**What to produce:** Your answer should be only the lines below from the one with "MODO B: En este" to the one with "медицинская пиявка - Изображение", repeated exactly, ends included.

**Dataset extract:**
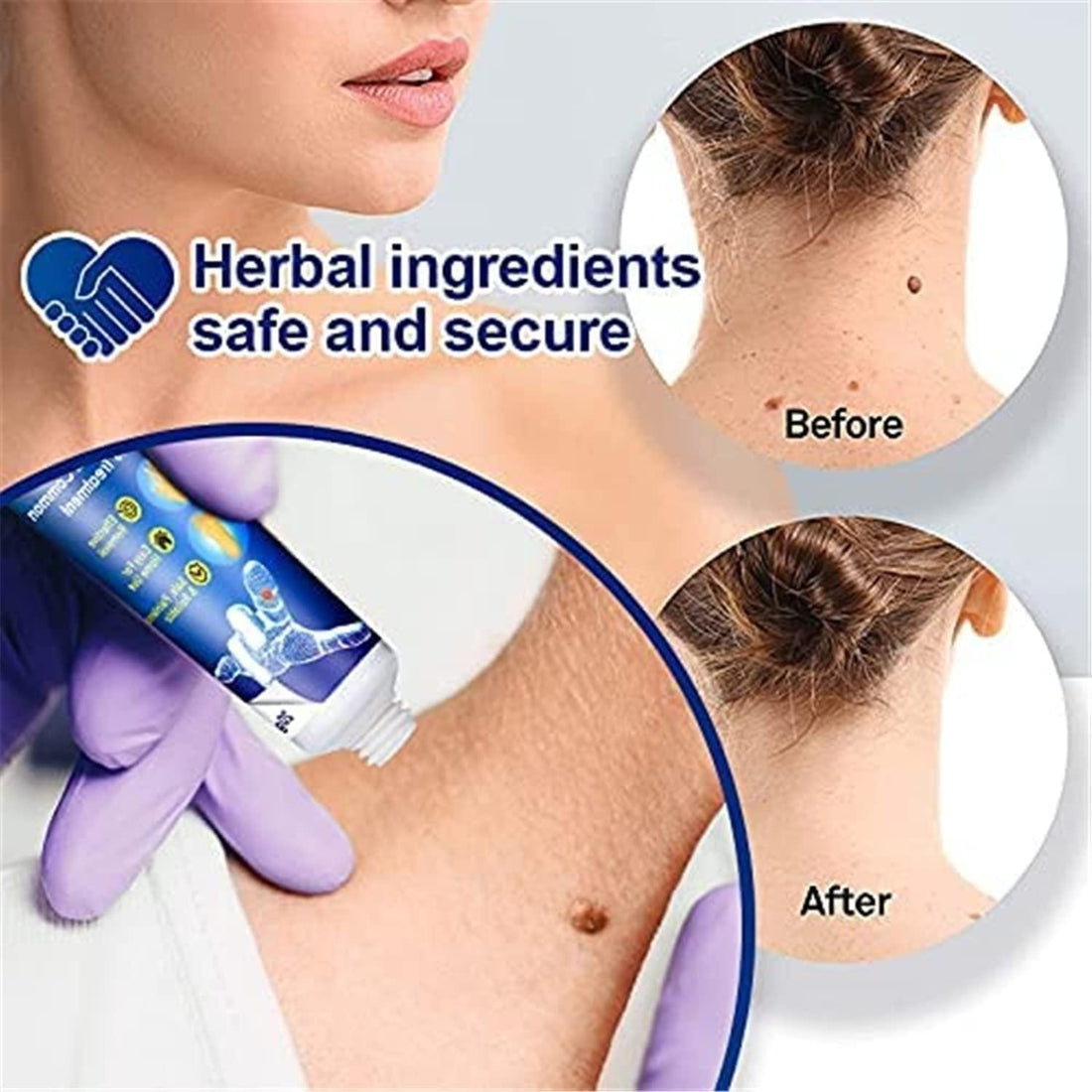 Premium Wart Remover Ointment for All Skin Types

* * *

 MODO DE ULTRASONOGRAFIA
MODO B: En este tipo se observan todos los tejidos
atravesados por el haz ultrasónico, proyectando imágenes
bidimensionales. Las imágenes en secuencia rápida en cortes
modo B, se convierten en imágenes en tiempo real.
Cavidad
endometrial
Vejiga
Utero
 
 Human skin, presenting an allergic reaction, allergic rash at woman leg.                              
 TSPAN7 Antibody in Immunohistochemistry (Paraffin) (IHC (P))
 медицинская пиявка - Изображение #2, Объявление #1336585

**Reply:**
MODO B: En este tipo se observan todos los tejidos
atravesados por el haz ultrasónico, proyectando imágenes
bidimensionales. Las imágenes en secuencia rápida en cortes
modo B, se convierten en imágenes en tiempo real.
Cavidad
endometrial
Vejiga
Utero
 
 Human skin, presenting an allergic reaction, allergic rash at woman leg.                              
 TSPAN7 Antibody in Immunohistochemistry (Paraffin) (IHC (P))
 медицинская пиявка - Изображение #2, Объявление #1336585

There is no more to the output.